The Measurement Crisis
Current trends in agent capabilities suggest we’re approaching a measurement crisis where traditional evaluation approaches will break down. Time horizons for tasks that models can complete are doubling every 3-4 months, potentially reaching 40+ hour human-equivalent tasks by the end of 2026.
This creates a fundamental problem for benchmark-based evaluation. If models can complete 40-hour tasks, you need 80-hour tasks to distinguish between different model capabilities. A few months later, you need 160-hour tasks. The exponential growth in required task difficulty may outpace our ability to create and validate new benchmarks.
Benchmark saturation is already happening. CoreBench, CyBench, and other recent benchmarks are approaching ceiling performance as models improve. The gap between different models is shrinking, making it harder to measure relative capabilities.
One possible direction is toward fewer, much harder evaluation tasks that resemble real-world projects rather than isolated problems. Instead of hundreds of small tasks, evaluations might involve a handful of month-long projects with complex, multi-dimensional success criteria.
The Time Horizon Problem
METR’s analysis shows that model capabilities on their task suite have been doubling every 7 months historically, with evidence of acceleration to every 3-4 months recently. Claude Opus 3.5 achieved around a 12-hour time horizon. If this trend continues, models might reach 40+ hour capabilities by late 2026, requiring evaluation tasks that would take humans weeks to complete.
This shift would require new methodologies for extracting signal from small numbers of very expensive evaluation runs.
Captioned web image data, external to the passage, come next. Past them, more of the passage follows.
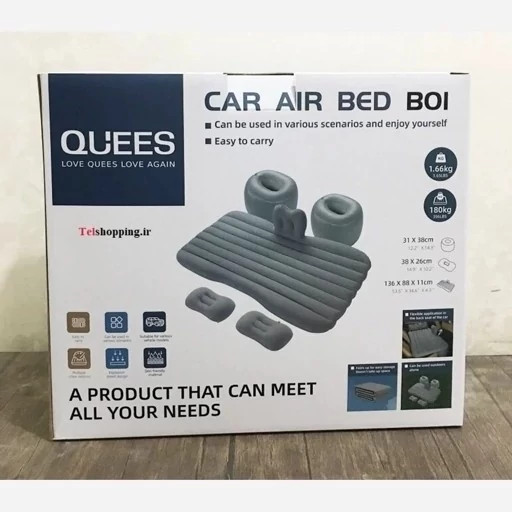 تشک بادی مسافرتی خودرو مدل CAR AIR BED B01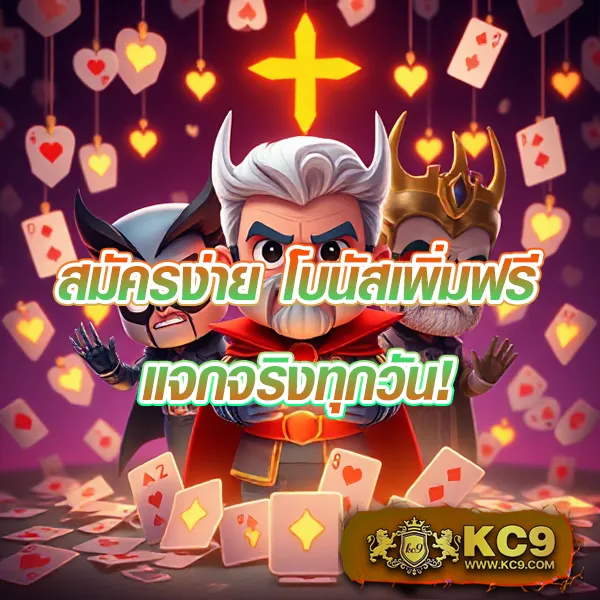 "99Racha-Slot เกมสล็อตออนไลน์ รางวัลใหญ่และโบนัสพิเศษ"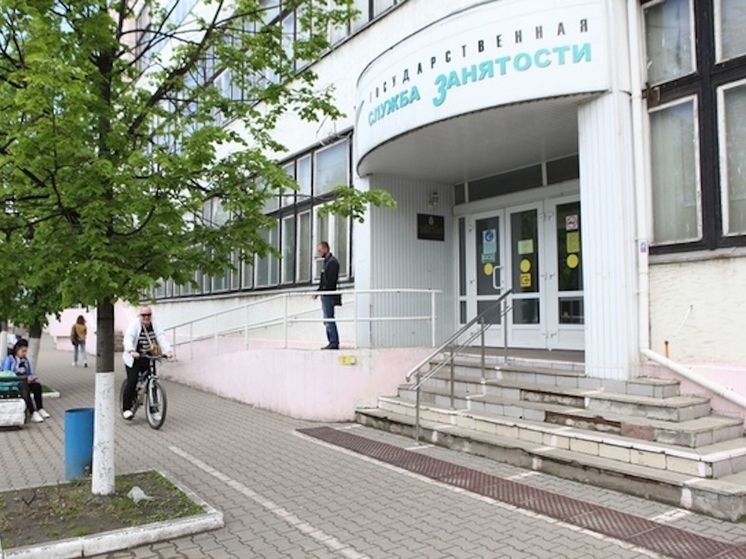 Инфоомация для ярославцев, которые озадачены сменой работы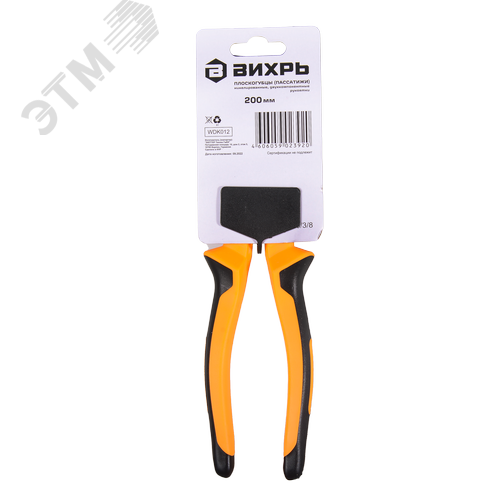 Плоскогубцы 200мм никелированные двухкомпонентные рукоятки - фото 2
Instead of averaging over many attempts, evaluations might measure performance surfaces across different task configurations or focus on process quality rather than just final outcomes.
Conclusion
Capability assessment requires much more care and transparency than traditional AI evaluation. When reading papers or model cards, ask for complete protocol specifications. What were the exact inference settings? Which scaffold was used? How was grading implemented? Without this information, reported scores are nearly meaningless for comparison or replication.
For safety-critical applications, consider that models may be more capable than standard evaluations suggest. If you’re setting capability thresholds for governance or safety measures, test with sufficient computational budgets to avoid false negatives that could compromise safety decisions.
Transcript analysis should become standard practice for high-stakes evaluations. Scores alone cannot distinguish between capability limitations and setup problems. Understanding what actually happened during task execution is essential for making sound inferences about model behavior.
Finally, the measurement crisis suggests that evaluation methods themselves need rapid innovation. Traditional benchmark-based approaches may not scale to increasingly capable systems. New methodologies for assessing very capable agents will become increasingly important for maintaining oversight and understanding of AI systems.
The goal isn’t perfect evaluation but predictable, interpretable assessment that fails gracefully and provides actionable insights for improvement. Current agent evaluation approaches provide a foundation for this understanding, but they represent early steps in what will need to be a rapidly evolving field.